Simply put, our goal is to help it leave the harbour safely while also making sure that we can take care of it, bring it back alongside, and handle any problems that may develop.

The ship also had a problem in February of this year, although according to Nalder, it was only a minor blip.

Nalder asserted that he has now expressed his concerns about the ship to Maritime New Zealand.

I find it disturbing that they are now closely inspecting the ship for the third time.

Despite the fact that I am aware she hasn’t had any problems in any other New Zealand ports, I am concerned that it has happened again.

It also occurred at the same time as Interislander’s Kaitaki ferry, which had been idle for more than two months, resumed passenger service last week.

On January 28, the ship, which had 864 passengers on board, sent out a mayday after losing power in Cook Strait and starting to drift towards Wellington’s south coast.

The ship was given the go-ahead to resume taking passengers for the first time in five weeks, but she was only able to do so for less than 24 hours until a gearbox problem was discovered on March 4.

Interislander’s executive general manager Walter Rushbrook said that the gearbox repair happened without a hitch.

The difficult repair required both skilled technical support from the Netherlands and the manufacturing and delivery of a particular sort of metal for the gearbox from Germany. The gearbox breakdown was surprising, given that it had just had an overhaul in drydock at the end of the previous year.

Two brand-new mega-ferries are being built at the Hyundai-Mipo Dockyard in South Korea to replace the fleet of Interislander, which is getting less and less reliable.

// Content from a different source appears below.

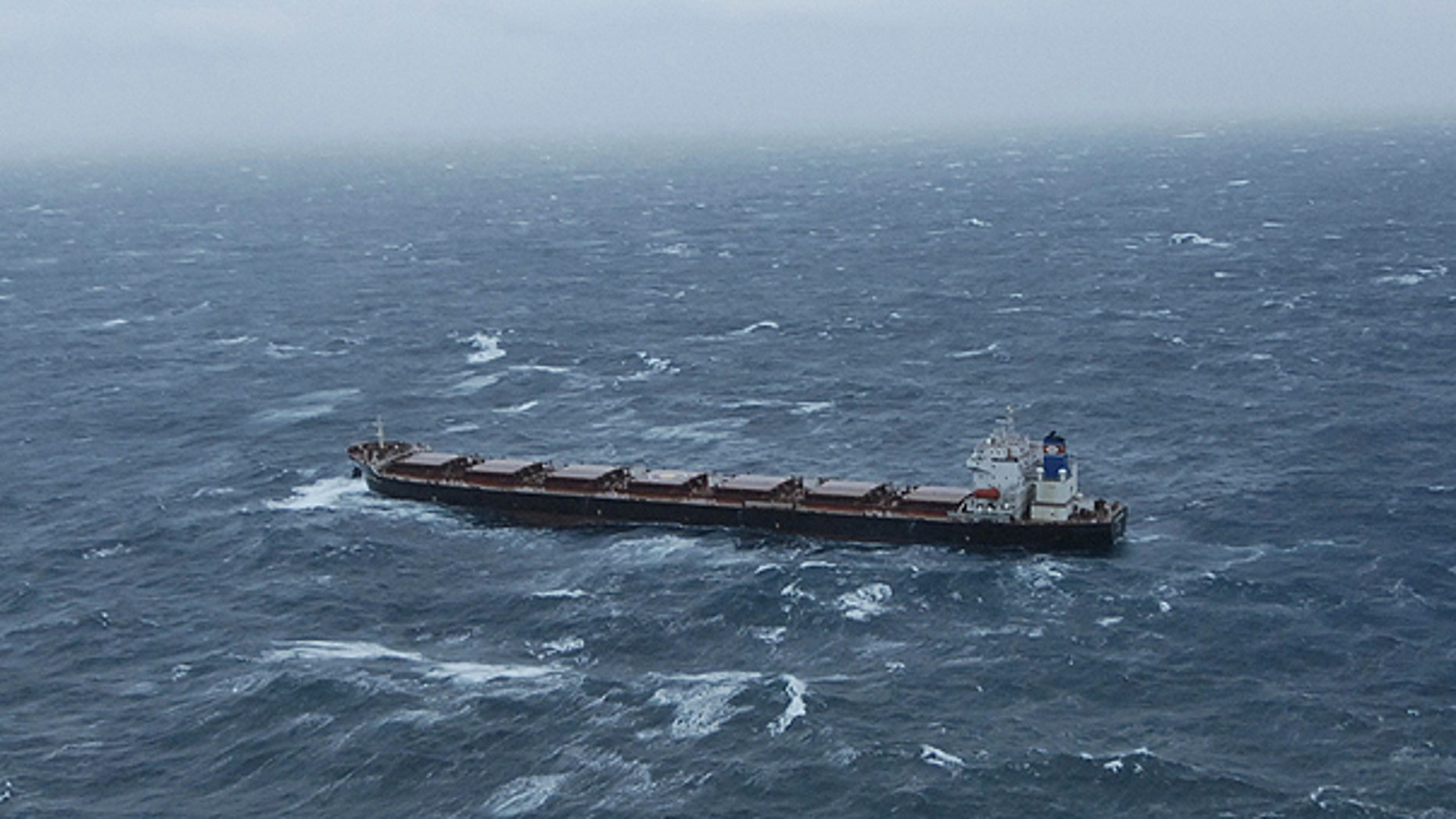 Dec. 3: This image provided by the U.S. Coast Guard shows the 738-foot tanker Golden Seas making 3.5 mph through 20-foot seas north of Adak Island Alaska.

In 2025 and 2026, respectively, they’ll arrive.

The ship was given restrictions on Saturday, and inspectors are still present today, according to Maritime NZ.

The ship cannot depart Wellington Harbour until all power generators and the primary engine are operational to the satisfaction of the vessel’s classification society and the ship is declared safe to sail to sea in accordance with the conditions imposed. The conditions will continue to be in place up until Maritime NZ provides notice of their withdrawal and the repairs are finished to the satisfaction of the vessel’s classification society.

According to Maritime NZ, the ship has previously experienced two engine failures in New Zealand.

On July 4 of last year, its engine failed in Wellington Harbour. Maritime NZ imposed restrictions that barred its departure while repairs were being done.

In Wellington Harbour on February 11 of this year, it also suffered a small engine failure.